Trials of supervised heroin rooms by researchers at King’s College in London have shown that three-quarters of the 127 addicts involved spent far less on street drugs — from £300 (about $460) down to £50 a week, on average — and the number of crimes they committed also fell dramatically.
Some of us on this side of the pond knew that these programs could be successful years earlier. In 2007, Vince Beiser wrote about Vancouver’s Insite, a radical (in 2003, when the clinic was first opened) experiment to re-frame drug use as a health issue instead of a criminal one.
Impelled by the horror show of the Downtown East Side, prodded by activists and convinced by reams of academic studies, the police and city government have agreed to provide hard drug users with their paraphernalia, a place to use it and even, for a few, the drugs themselves.
More than 2 million syringes are handed out free every year. Clean mouthpieces for crack pipes are provided at taxpayers’ expense. Around 4,000 opiate addicts get prescription methadone. Thousands come to the injection site every year.

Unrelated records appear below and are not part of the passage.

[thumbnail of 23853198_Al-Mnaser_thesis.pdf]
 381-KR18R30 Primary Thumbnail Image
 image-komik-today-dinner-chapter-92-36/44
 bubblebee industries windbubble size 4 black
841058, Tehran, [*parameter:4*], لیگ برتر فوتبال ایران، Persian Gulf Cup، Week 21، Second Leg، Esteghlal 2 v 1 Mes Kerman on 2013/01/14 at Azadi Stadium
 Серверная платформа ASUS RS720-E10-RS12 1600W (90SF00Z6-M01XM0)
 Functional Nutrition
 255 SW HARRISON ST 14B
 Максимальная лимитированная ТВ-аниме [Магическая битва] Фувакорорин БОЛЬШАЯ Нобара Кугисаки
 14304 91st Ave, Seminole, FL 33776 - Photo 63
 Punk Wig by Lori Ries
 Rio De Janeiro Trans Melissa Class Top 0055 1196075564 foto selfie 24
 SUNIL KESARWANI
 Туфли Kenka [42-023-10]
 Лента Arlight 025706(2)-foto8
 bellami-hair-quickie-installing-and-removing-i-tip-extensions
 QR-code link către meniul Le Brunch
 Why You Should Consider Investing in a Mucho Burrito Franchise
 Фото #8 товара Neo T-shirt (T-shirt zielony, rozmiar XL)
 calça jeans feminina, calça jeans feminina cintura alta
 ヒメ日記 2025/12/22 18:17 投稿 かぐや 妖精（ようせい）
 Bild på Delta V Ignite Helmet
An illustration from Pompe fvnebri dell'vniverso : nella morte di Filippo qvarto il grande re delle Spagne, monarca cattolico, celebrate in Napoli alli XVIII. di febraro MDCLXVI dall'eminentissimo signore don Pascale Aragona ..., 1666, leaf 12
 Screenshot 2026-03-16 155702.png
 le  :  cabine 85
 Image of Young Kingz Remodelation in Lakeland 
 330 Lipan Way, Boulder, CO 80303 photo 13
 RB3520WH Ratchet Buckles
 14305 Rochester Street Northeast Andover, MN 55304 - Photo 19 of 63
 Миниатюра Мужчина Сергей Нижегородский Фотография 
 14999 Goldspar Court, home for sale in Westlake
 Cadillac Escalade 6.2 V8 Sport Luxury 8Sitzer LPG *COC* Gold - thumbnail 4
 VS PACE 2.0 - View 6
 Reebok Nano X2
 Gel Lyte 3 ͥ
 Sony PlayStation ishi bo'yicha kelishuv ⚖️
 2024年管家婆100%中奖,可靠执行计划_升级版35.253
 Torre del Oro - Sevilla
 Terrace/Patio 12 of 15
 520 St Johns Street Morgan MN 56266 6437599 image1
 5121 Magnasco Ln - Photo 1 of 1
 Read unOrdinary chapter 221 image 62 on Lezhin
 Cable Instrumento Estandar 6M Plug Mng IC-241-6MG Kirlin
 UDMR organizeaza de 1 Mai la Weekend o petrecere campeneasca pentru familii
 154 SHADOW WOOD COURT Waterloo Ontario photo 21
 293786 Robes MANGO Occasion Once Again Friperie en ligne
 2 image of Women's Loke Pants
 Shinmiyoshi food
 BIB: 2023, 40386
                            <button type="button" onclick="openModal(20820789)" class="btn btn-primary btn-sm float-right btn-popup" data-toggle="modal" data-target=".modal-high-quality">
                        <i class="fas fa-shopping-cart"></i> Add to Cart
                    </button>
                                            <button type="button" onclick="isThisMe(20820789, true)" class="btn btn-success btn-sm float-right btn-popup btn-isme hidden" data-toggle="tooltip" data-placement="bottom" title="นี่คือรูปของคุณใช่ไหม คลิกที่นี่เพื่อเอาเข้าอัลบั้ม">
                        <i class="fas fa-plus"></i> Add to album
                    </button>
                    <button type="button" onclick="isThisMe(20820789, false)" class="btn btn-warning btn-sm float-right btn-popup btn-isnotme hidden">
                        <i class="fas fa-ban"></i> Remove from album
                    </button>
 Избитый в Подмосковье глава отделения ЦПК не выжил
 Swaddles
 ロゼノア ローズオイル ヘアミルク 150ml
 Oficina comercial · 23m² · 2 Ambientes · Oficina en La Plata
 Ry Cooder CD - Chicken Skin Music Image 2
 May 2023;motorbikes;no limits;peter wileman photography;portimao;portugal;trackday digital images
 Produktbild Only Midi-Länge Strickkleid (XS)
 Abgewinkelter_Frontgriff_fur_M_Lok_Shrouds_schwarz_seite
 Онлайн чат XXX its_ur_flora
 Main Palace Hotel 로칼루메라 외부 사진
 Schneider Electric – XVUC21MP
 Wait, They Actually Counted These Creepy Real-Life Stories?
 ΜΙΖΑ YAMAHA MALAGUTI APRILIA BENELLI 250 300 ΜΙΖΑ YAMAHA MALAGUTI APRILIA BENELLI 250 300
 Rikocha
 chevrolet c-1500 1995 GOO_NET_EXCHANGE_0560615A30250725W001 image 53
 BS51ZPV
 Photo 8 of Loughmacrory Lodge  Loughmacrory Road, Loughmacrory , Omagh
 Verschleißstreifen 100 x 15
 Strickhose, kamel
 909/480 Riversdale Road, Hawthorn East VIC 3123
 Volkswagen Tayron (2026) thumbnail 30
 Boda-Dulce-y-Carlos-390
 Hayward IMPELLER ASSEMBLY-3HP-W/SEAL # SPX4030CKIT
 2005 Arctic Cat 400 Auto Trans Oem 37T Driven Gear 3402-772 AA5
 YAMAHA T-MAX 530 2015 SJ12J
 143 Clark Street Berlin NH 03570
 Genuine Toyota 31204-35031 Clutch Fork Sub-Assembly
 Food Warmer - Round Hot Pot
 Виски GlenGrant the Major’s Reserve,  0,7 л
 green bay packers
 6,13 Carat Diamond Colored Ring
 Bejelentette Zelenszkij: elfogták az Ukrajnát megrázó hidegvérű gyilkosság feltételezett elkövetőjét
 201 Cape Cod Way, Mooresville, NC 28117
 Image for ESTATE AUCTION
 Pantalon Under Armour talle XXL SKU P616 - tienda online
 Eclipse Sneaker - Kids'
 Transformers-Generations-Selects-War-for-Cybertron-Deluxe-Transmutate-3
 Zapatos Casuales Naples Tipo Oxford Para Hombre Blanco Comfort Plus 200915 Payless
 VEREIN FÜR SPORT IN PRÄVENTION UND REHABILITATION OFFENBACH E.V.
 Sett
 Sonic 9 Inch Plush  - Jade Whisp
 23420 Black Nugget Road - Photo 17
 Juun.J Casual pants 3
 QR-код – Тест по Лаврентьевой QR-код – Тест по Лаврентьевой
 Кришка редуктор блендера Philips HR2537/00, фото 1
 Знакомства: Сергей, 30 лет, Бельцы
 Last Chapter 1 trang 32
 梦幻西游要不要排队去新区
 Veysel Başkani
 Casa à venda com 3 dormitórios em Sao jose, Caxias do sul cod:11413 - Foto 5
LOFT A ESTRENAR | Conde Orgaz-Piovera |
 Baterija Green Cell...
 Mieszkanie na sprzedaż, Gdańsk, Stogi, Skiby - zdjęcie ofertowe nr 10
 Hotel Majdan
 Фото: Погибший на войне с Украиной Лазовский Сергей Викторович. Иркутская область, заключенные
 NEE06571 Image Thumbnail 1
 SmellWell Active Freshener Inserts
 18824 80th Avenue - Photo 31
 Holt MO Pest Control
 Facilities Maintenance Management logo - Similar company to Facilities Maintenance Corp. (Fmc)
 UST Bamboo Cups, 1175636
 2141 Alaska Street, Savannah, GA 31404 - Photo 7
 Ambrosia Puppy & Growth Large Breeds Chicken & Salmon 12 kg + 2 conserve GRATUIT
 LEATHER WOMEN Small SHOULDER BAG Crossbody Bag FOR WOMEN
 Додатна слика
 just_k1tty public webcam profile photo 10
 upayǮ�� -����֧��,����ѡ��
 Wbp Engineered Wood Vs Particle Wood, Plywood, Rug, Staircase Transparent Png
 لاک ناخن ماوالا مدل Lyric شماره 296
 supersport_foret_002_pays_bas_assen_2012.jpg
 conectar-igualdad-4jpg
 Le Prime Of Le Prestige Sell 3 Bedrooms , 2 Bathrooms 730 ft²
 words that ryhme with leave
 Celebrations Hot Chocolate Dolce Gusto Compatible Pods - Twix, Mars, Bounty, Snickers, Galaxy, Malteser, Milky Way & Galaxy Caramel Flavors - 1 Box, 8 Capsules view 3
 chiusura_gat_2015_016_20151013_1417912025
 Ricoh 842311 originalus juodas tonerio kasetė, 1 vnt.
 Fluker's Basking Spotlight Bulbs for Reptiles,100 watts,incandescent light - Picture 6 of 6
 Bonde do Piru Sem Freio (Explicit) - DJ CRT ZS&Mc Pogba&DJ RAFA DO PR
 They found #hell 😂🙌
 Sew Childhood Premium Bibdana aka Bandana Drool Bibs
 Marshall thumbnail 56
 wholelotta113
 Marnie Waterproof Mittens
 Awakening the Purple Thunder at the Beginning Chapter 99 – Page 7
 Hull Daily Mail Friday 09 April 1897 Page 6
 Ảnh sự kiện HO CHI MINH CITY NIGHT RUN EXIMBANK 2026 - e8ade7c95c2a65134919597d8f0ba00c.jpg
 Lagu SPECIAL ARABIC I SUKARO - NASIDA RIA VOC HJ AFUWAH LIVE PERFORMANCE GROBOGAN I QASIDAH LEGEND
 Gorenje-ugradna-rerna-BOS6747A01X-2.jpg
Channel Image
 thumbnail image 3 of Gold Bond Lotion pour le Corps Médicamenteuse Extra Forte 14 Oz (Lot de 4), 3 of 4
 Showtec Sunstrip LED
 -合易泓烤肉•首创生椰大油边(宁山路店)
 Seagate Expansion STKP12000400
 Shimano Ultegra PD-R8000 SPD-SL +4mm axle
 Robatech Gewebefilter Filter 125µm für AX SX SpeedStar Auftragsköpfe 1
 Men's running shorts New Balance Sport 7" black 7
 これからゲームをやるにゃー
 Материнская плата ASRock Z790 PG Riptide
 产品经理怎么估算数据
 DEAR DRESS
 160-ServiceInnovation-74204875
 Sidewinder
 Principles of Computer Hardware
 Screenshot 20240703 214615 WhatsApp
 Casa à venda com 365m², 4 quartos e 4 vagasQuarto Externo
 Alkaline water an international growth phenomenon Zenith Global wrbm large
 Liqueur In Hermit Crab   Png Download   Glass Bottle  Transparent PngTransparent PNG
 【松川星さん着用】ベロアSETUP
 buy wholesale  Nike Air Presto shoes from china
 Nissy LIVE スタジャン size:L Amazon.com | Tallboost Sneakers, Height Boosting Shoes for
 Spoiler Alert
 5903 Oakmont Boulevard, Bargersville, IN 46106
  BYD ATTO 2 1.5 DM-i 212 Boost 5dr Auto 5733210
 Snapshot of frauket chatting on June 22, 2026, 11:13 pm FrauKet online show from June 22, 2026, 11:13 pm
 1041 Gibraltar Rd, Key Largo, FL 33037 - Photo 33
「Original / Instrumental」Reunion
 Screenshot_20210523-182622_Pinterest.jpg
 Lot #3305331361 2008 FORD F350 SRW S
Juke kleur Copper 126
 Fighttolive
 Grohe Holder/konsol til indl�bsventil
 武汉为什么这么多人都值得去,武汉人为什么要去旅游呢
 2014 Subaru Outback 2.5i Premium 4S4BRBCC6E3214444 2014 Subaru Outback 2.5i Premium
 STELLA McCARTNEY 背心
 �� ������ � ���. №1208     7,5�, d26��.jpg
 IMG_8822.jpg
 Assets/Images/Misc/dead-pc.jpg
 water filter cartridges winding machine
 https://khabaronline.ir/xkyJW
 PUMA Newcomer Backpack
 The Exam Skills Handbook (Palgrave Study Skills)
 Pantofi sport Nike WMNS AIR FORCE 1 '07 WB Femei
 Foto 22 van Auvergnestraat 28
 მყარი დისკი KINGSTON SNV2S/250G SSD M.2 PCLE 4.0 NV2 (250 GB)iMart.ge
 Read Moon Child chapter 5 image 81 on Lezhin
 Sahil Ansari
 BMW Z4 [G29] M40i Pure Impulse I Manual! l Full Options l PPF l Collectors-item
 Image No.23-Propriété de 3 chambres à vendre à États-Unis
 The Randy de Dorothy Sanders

On top of that, health officials just wrapped up a pilot program in which addicts were given prescription heroin. And it doesn’t stop there. The mayor is pushing for a “stimulant maintenance” program to provide prescription alternatives for cocaine and methamphetamine addicts. Emboldened advocates for drug users are even calling for a “supervised inhalation site” for crack smokers.
So how did Vancouver’s experiment play out? In the middle of last year, we revisited the story—twice. It’s still saving money. And lives.